L’école en France, c’est uniquement la transmission des savoirs, ce n’est pas le développement personnel. C’est ça qu’il faut changer. Le programme national est extrêmement lourd mais aussi ennuyeux. Pourquoi cette obsession avec la grammaire ? La structure de la langue française, jusqu’à un certain point, ça a un sens mais répéter toutes les variations de la structure d’une phrase… C’est peut-être pour les gens qui veulent faire de la linguistique mais pas pour tout le monde. La même chose avec les maths, l’accent est tellement mis sur les maths.
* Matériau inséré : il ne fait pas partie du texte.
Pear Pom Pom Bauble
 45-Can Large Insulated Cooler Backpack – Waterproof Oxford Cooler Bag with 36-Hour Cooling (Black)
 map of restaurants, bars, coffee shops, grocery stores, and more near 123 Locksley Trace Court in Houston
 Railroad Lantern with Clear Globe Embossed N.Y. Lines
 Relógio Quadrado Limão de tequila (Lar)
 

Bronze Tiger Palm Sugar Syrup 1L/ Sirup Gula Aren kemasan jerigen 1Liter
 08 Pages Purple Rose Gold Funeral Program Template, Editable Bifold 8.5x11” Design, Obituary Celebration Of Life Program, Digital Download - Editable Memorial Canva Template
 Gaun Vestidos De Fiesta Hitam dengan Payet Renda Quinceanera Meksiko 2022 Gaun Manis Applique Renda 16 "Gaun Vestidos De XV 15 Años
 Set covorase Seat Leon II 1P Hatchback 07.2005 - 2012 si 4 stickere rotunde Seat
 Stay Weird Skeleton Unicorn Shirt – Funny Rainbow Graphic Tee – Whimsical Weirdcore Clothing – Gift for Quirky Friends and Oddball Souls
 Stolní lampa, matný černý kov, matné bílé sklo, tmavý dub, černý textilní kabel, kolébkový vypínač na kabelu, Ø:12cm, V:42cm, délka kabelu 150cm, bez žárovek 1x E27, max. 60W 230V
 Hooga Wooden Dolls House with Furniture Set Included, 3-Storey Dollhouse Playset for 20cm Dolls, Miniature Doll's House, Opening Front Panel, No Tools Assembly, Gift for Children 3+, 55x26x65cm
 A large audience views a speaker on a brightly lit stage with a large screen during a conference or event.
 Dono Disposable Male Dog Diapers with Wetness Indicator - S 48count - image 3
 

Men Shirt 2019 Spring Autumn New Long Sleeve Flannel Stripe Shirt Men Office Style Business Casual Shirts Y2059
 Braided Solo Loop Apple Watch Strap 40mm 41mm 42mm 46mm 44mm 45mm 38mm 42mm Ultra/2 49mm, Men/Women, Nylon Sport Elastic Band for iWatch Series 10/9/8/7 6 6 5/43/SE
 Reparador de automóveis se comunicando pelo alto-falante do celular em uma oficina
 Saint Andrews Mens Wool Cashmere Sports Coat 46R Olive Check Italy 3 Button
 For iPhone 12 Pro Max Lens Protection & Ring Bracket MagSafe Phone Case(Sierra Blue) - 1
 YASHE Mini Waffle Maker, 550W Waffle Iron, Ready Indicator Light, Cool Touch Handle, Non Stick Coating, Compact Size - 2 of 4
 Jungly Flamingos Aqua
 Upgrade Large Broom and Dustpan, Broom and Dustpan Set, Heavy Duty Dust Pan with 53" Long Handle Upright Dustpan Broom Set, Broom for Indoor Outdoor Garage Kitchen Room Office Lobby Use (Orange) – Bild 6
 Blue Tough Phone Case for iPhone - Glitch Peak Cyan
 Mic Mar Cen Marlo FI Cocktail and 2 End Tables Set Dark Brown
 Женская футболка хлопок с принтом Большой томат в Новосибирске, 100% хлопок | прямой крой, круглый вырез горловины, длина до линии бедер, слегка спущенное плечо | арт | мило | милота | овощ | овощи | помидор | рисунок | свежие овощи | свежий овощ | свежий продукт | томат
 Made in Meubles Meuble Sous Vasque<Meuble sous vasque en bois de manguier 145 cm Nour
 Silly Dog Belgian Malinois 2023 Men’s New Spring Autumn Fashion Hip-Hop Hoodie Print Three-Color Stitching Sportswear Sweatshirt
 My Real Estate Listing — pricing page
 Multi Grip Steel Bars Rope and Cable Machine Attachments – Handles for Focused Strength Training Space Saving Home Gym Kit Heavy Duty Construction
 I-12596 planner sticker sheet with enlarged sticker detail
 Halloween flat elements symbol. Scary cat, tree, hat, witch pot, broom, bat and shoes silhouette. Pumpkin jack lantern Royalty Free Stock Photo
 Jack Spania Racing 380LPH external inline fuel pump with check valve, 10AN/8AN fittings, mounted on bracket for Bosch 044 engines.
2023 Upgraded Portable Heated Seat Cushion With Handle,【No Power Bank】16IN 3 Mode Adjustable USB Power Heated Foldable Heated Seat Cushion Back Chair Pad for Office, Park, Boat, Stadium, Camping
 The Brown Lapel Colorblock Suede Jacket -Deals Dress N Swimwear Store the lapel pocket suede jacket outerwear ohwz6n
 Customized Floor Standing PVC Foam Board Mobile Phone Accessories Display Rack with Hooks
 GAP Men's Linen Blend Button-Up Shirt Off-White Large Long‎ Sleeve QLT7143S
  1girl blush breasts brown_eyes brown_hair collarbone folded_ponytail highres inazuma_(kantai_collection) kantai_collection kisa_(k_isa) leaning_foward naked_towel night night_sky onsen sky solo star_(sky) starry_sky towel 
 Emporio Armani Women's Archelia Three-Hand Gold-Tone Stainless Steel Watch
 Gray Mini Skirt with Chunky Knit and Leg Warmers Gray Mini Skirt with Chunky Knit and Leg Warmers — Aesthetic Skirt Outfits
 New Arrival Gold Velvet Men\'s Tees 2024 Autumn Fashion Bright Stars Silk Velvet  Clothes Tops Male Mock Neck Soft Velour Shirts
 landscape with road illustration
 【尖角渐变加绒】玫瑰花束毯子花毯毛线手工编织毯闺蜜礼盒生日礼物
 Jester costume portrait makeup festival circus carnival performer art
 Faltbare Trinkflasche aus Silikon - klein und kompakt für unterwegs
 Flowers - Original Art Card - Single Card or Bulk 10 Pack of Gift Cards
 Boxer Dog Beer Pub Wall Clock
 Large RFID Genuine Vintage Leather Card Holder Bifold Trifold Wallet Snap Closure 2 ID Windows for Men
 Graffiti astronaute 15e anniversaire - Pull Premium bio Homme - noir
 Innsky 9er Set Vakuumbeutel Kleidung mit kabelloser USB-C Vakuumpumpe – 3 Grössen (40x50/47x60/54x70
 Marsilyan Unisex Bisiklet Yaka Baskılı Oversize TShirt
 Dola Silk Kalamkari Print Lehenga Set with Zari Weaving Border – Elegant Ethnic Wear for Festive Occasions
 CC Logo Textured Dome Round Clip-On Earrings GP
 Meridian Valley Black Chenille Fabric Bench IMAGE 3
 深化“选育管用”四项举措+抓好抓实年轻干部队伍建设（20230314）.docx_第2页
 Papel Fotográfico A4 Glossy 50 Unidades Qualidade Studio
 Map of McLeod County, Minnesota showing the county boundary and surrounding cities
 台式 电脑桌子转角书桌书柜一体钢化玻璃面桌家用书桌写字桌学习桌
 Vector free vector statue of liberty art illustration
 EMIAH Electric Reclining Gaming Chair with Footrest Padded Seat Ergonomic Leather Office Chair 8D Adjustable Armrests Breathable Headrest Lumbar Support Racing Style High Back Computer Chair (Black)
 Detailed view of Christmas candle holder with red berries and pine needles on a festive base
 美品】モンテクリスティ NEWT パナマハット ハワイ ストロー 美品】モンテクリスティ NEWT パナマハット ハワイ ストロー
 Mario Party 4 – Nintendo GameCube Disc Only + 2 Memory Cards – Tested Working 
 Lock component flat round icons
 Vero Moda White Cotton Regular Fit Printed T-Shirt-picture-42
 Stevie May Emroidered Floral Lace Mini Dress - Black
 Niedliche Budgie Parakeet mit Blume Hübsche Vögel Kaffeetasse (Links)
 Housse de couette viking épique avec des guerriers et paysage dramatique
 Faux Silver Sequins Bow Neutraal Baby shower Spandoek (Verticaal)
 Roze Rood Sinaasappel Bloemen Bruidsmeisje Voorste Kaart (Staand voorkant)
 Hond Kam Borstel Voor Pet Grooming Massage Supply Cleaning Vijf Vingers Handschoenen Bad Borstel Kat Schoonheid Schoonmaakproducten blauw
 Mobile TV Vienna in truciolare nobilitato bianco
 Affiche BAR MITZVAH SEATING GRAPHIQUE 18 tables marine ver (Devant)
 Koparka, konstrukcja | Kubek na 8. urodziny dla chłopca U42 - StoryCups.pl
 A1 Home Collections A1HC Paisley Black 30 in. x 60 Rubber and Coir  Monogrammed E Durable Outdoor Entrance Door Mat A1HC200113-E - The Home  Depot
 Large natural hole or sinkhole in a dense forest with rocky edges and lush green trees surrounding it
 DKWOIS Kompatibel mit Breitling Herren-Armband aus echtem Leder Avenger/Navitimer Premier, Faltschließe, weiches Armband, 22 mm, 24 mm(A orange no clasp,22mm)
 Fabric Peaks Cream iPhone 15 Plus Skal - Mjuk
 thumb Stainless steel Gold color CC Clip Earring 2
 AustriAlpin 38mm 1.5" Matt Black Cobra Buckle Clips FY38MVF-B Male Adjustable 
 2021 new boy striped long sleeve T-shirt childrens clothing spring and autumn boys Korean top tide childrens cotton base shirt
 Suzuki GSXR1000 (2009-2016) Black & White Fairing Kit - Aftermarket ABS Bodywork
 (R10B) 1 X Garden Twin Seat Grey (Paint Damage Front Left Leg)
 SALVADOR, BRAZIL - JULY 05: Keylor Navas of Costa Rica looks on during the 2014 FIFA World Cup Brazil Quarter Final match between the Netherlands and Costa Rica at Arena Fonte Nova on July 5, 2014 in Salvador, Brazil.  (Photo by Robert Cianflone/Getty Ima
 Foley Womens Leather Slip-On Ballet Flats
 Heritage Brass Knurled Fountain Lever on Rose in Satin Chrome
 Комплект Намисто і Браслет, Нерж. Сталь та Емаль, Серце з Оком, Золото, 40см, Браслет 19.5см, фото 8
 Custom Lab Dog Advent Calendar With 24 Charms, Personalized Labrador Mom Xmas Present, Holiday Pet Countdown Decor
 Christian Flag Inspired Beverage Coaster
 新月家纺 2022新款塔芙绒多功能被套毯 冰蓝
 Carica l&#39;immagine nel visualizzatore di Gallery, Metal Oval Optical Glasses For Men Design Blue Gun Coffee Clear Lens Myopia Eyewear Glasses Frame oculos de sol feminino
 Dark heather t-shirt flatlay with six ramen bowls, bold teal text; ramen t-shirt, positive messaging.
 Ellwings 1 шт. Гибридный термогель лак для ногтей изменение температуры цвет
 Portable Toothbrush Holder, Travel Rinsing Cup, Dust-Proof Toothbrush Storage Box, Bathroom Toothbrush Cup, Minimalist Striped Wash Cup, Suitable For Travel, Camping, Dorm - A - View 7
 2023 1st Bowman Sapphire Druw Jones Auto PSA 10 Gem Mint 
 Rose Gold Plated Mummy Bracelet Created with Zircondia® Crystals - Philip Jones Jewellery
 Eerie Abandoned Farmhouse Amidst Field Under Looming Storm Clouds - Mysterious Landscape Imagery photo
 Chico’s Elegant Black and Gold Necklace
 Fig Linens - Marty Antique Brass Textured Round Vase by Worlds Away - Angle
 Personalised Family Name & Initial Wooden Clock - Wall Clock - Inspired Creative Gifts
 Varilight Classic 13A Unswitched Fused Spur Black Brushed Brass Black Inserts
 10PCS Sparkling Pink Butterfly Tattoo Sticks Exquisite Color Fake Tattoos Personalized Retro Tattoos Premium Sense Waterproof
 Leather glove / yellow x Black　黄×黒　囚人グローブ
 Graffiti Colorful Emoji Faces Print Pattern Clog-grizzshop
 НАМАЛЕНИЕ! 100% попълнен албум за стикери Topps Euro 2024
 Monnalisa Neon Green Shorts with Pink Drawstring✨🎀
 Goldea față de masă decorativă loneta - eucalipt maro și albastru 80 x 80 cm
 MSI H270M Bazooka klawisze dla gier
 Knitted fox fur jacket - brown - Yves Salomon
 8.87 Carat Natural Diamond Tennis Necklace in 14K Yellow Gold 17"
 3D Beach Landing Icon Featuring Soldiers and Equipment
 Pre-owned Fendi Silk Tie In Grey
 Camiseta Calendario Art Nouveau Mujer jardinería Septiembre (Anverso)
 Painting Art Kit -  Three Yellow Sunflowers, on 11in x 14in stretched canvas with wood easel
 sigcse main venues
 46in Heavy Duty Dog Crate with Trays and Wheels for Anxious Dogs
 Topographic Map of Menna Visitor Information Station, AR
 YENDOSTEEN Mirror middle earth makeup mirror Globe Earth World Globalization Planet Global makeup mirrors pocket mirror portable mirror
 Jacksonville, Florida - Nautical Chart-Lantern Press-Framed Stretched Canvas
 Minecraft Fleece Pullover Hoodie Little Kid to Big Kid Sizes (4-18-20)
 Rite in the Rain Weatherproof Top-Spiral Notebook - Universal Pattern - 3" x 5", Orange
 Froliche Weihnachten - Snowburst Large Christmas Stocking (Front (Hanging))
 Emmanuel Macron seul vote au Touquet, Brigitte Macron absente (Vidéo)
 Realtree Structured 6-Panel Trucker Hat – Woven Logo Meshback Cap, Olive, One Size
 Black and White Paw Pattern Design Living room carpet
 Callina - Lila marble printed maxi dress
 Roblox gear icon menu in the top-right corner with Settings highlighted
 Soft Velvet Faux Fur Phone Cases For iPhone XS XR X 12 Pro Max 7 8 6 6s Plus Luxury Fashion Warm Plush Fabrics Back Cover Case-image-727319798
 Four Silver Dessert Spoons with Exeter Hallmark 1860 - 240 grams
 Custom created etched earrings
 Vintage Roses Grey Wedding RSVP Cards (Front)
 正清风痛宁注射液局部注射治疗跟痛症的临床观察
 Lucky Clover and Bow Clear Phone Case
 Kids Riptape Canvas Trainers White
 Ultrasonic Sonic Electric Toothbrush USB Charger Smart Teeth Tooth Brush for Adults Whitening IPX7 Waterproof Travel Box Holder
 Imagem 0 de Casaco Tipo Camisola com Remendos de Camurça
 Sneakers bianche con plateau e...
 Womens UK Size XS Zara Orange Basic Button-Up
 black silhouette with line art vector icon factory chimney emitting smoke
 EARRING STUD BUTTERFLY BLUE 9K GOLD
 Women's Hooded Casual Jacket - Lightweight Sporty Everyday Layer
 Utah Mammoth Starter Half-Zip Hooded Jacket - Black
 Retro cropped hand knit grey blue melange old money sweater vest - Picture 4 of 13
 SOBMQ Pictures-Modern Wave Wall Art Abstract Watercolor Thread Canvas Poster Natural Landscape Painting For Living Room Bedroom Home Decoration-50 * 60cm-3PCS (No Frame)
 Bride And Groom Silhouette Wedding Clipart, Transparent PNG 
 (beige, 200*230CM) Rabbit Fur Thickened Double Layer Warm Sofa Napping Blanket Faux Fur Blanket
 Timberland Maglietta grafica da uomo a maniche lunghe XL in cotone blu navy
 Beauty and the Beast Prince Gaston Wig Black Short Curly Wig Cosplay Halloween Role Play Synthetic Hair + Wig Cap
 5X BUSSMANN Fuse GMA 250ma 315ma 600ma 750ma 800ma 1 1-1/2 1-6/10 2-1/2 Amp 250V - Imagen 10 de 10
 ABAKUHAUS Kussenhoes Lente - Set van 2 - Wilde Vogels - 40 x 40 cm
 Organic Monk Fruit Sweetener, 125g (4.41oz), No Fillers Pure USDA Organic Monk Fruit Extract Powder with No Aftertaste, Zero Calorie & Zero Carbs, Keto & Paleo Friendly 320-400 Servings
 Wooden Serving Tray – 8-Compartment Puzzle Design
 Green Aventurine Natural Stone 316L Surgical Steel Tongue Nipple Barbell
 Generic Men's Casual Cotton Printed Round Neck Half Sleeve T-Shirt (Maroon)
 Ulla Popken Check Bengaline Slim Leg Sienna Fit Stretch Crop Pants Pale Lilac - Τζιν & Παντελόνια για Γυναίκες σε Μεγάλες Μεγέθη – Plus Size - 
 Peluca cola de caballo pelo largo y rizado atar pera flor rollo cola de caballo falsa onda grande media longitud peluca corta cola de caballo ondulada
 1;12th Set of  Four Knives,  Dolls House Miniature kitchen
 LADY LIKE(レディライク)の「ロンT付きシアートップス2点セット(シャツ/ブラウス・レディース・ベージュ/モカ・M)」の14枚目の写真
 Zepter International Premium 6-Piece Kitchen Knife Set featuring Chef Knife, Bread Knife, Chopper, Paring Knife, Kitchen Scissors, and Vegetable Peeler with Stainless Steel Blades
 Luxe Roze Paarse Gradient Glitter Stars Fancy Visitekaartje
Où est passée la créativité dans les salles de classe ? Je ne sais pas. Est-ce qu’on a l’opportunité de s’exprimer, à l’écrit, à l’oral, d’essayer des choses, d’écrire un roman, des nouvelles…C’est aussi frappant de voir que dans d’autres pays on fait beaucoup plus que ça et en France, très peu.
En ce moment, les profs ne reçoivent que peu ou pas de formation. Quel est l’impact sur la classe ? Quelle formation devraient-ils recevoir ?
C’est complètement scandaleux que 16 000 profs ont commencé cette année sans formation du tout. La solution passe par une formation des profs qui est beaucoup plus exigeante, beaucoup plus approfondie. Si on regarde les pays qui ont des systèmes éducatifs qui marchent bien, surtout la Finlande mais aussi la Corée du Sud, et d’autres pays, les profs sont toujours très bien formés, et formés non seulement dans les disciplines qu’ils enseignent mais aussi dans les méthodes pédagogiques.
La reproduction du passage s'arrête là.